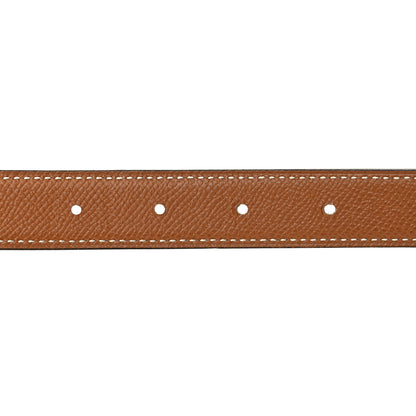Hermes Swift Epsom 24mm Mini H Belt 75 30 Black Gold 4 of 5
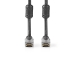 High Speed ​​HDMI™-Kabel met Ethernet | HDMI™ Connector | HDMI™ Connector | 4K@30Hz | 10.2 Gbps | 10.0 m | Rond | PVC | Zwart | Doos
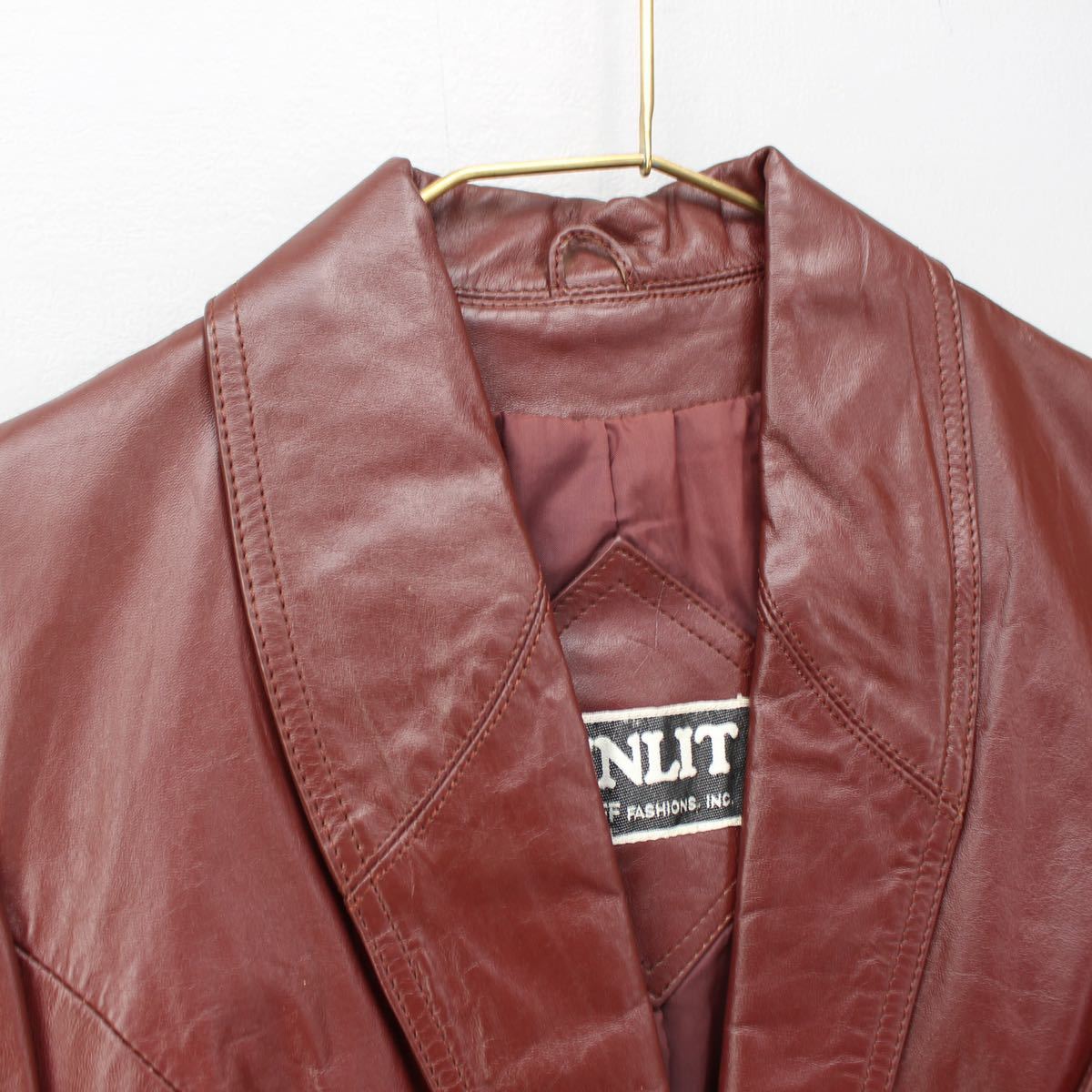 's USA VINTAGE WINLIT SHORT LENGTH LEATHER JACKET年代アメリカ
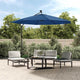 Tissu de remplacement de Vidaxl pour parasol flottant 350 cm Bleu Azure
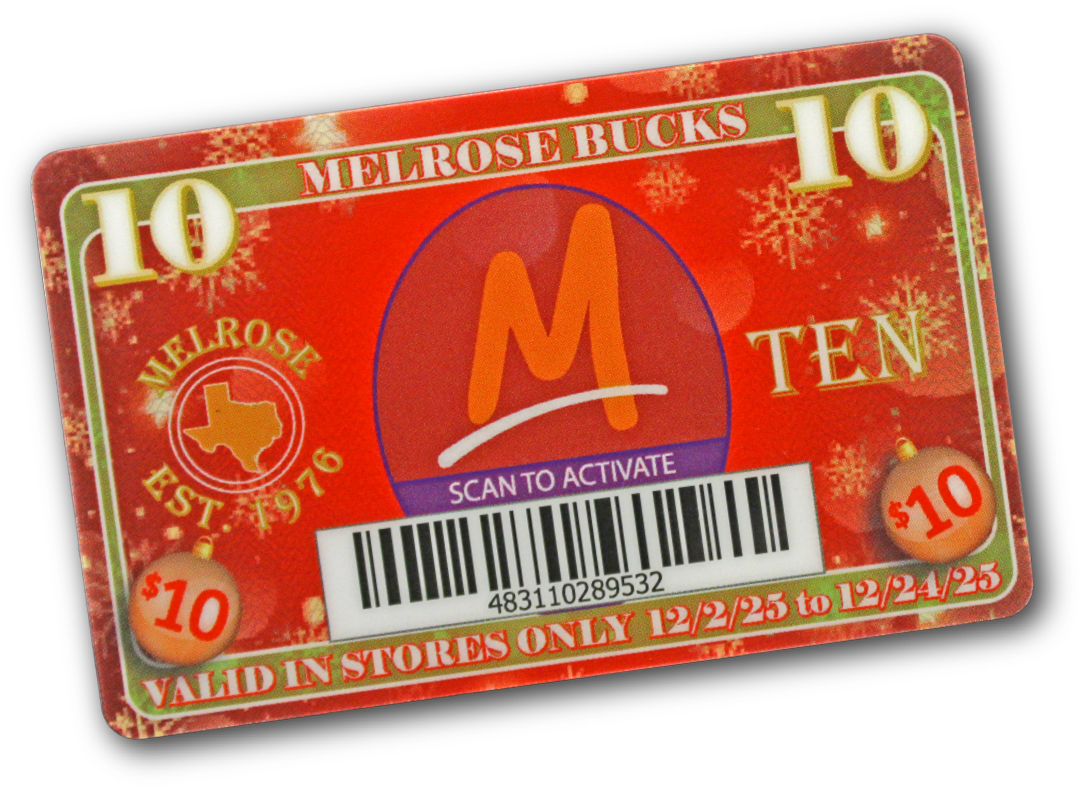 Image of Holiday Bucks Promotional card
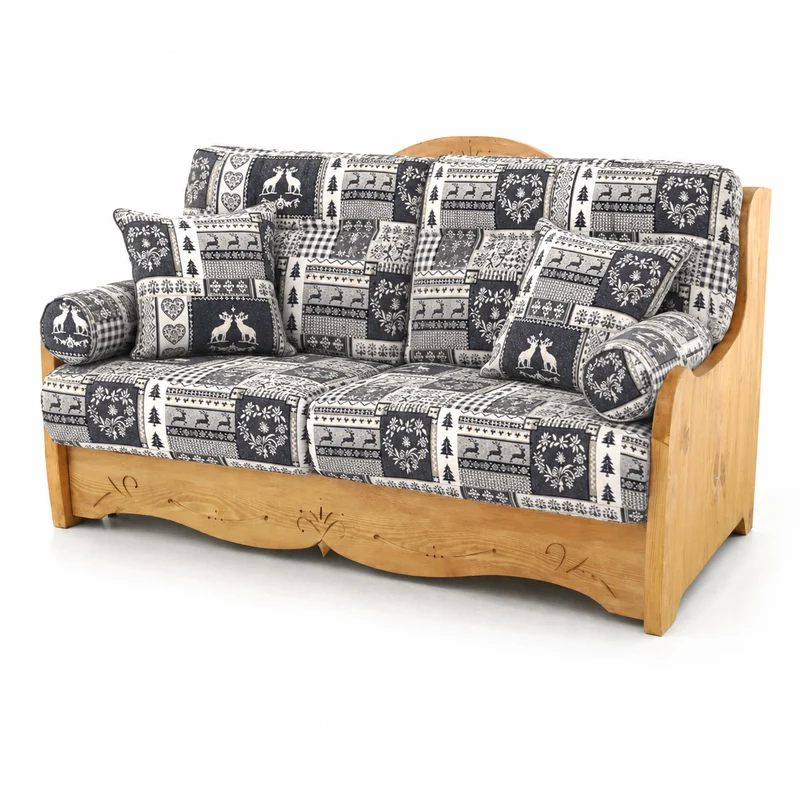 Canapé convertible 140 cm Chambéry Gris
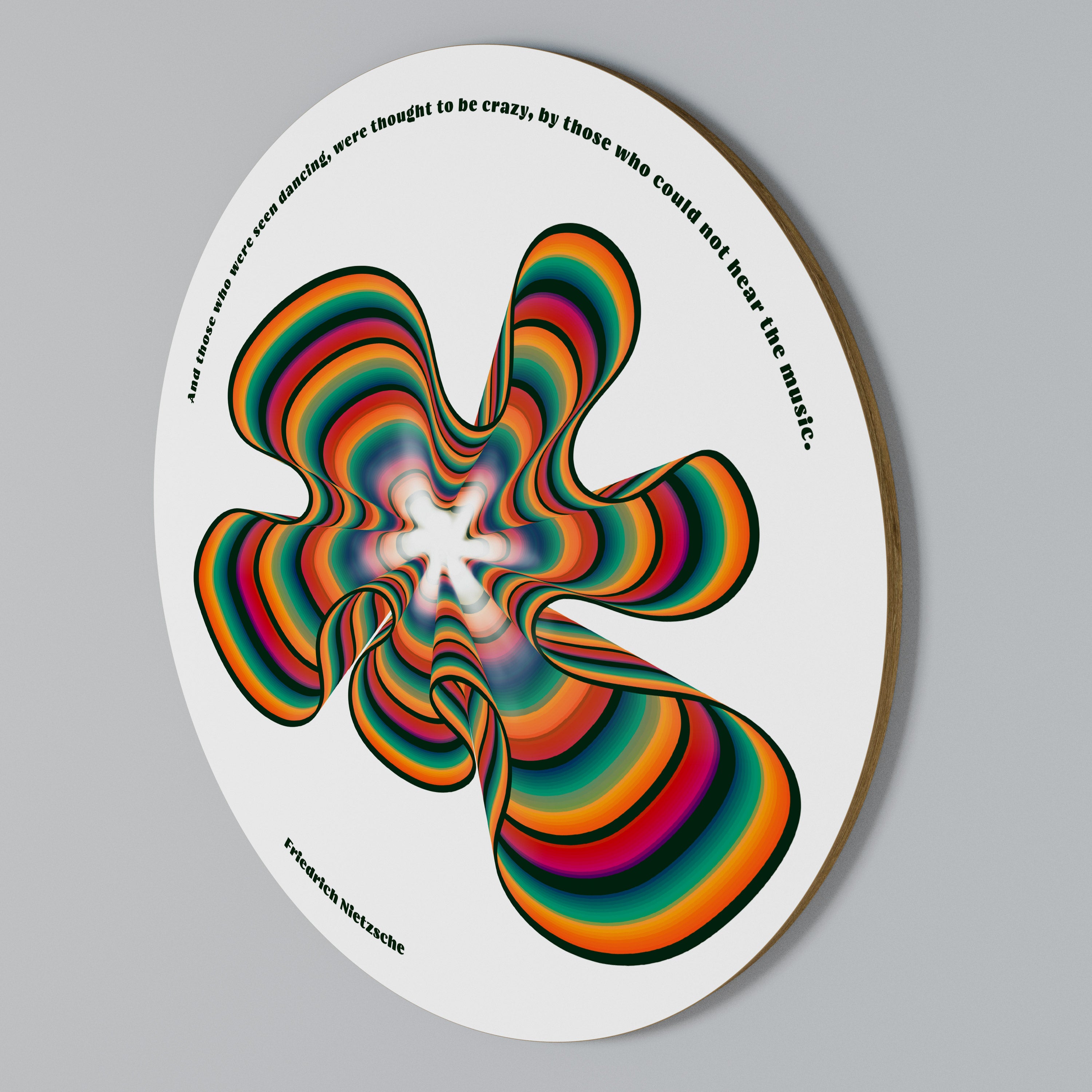 NOSTALGIC ECHOES [ENG] Rund väggdekor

_Problem details:_ Using the data above, write out every line exactly, leaving the images behind.

_Written response:_
Hermes Swift Epsom 24mm Mini H Belt 75 30 Black Gold 4 of 5
 High Speed ​​HDMI™-Kabel met Ethernet | HDMI™ Connector | HDMI™ Connector | 4K@30Hz | 10.2 Gbps | 10.0 m | Rond | PVC | Zwart | Doos
 's USA VINTAGE WINLIT SHORT LENGTH LEATHER JACKET年代アメリカ
 Tissu de remplacement de Vidaxl pour parasol flottant 350 cm Bleu Azure
 Image of Holiday Bucks Promotional card
 Canapé convertible 140 cm Chambéry Gris
 NOSTALGIC ECHOES [ENG] Rund väggdekor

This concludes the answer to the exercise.